Another process concern in DRAM process development is storage node contact proximity to neighboring active areas, since excessive proximity can lead to device short circuits. Tracking down the root cause of these potential shorts is difficult, yet they can cause catastrophic reliability and yield issues late in the development cycle. Accurately modeling and identifying the minimum gap between capacitor contact and AA at different z-locations, prior to tape-out, can help alleviate these future reliability and yield issues. Figure 2 illustrates BL to AA contact areas discovered during process modeling and highlights minimum gap locations that need to be addressed through process or design changes. These two examples illustrate the complicated interaction between process steps and the resulting impact on DRAM reliability and yield, along with the importance of being able to accurately model these interactions.
Flash memory was invented in 1984 and is capable of being erased and re-programmed multiple times. It is used for storage and data transfer in consumer devices, enterprise systems and industrial applications. Flash memory retains data for an extended period-of-time, regardless of whether a flash-equipped device is powered on or off. Flash memory has now been transformed from a 2D technology to a 3D technology (3D NAND), providing an increase in memory density.

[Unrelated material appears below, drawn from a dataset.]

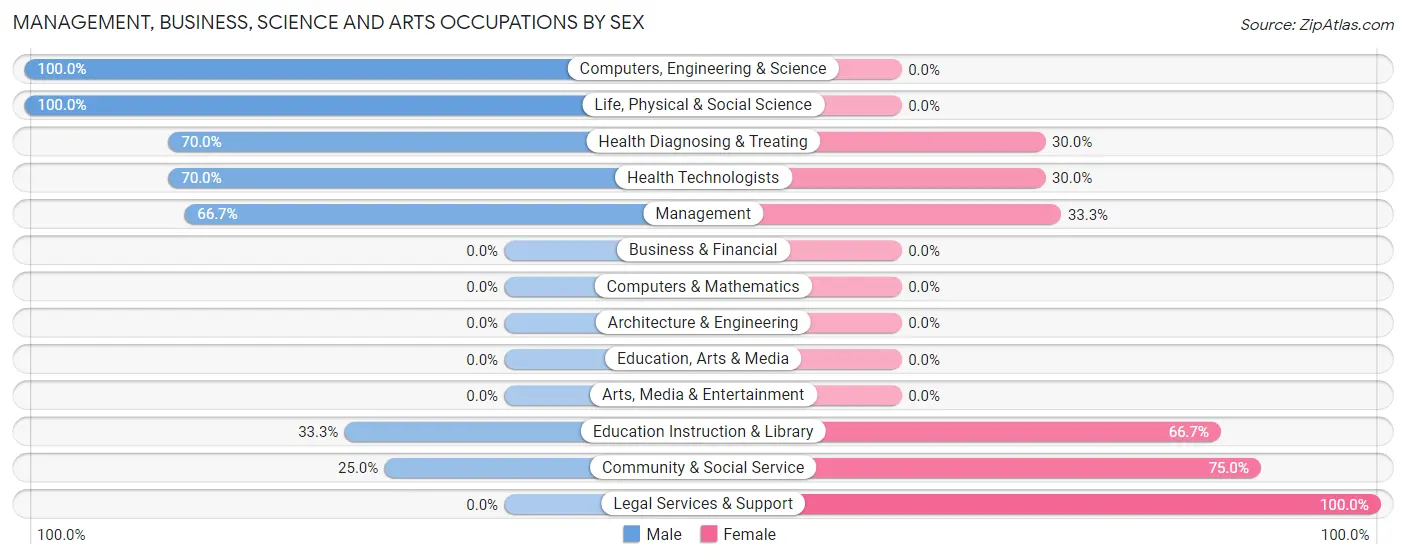 Management, Business, Science and Arts Occupations by Sex in Rapid City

A single-tier 3D NAND structure is complex to etch, since a very high aspect ratio hole must be etched in an alternating set of materials. In addition, bowing and tilting of the hole must be avoided during the etch process. There is an additional requirement to create a “slit” etch to separate neighboring memory cells. 3D NAND structures have the added complexity of a “staircase” etch that is required to form the word-line (WL) contacts. A completed 3D NAND array, modeled in SEMulator3D, is shown in Figure 3. It illustrates the structural complexity of a state-of-the-art 3D NAND memory design – and this is a simple single tier structure.

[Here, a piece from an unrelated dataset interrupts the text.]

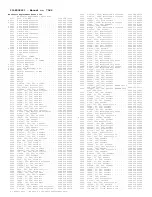 Preview for 208 page of Philips 13PR19C1 Service Manual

Process complexity increased dramatically during the transition from a 2D to a 3D Flash memory structure, since the 3D structure requires a multi-tier pillar-etch operation. Most 3D NAND memory stacks are now two tiers high, which adds an additional concern of top tier to bottom tier misalignment. The issues and concerns of a multi-tier 3D NAND pillar etch are shown in Figure 4.
In this figure, we have displayed an example of tier misalignment and the resulting pillar etch offset. This type of misalignment can be caused by process variability and must be incorporated into any 3D NAND process development project. From this example, it can be seen that tier-to-tier alignment plays a critical role in creating a robust multi-tier 3D NAND memory cell. Similar to our DRAM example, DoE statistical variation studies can be run in SEMulator3D that model 3D NAND multi-tier alignment errors, and enable the possibility of taking corrective action without the time and expense of wafer-based testing.